WHAT THE TASK ASKS » From the line with "Reebok CLASSIC" through the line with "MAJESTY 62 M", repeat the entries verbatim, both end lines included, and add nothing.

[Short text fragments from websites]

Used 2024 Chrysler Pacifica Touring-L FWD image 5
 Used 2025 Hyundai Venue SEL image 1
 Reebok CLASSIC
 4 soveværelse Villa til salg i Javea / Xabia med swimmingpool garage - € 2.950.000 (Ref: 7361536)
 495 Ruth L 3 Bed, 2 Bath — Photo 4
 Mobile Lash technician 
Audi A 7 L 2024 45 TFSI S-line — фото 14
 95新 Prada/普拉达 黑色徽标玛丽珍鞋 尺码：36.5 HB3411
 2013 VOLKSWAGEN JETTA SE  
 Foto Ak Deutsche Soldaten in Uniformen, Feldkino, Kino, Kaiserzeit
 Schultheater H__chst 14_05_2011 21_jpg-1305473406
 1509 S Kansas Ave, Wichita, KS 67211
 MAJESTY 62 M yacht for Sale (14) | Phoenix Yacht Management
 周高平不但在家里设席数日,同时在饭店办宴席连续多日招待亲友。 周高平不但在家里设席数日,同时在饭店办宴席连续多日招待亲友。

EXPECTED ANSWER »
 Reebok CLASSIC
 4 soveværelse Villa til salg i Javea / Xabia med swimmingpool garage - € 2.950.000 (Ref: 7361536)
 495 Ruth L 3 Bed, 2 Bath — Photo 4
 Mobile Lash technician 
Audi A 7 L 2024 45 TFSI S-line — фото 14
 95新 Prada/普拉达 黑色徽标玛丽珍鞋 尺码：36.5 HB3411
 2013 VOLKSWAGEN JETTA SE  
 Foto Ak Deutsche Soldaten in Uniformen, Feldkino, Kino, Kaiserzeit
 Schultheater H__chst 14_05_2011 21_jpg-1305473406
 1509 S Kansas Ave, Wichita, KS 67211
 MAJESTY 62 M yacht for Sale (14) | Phoenix Yacht Management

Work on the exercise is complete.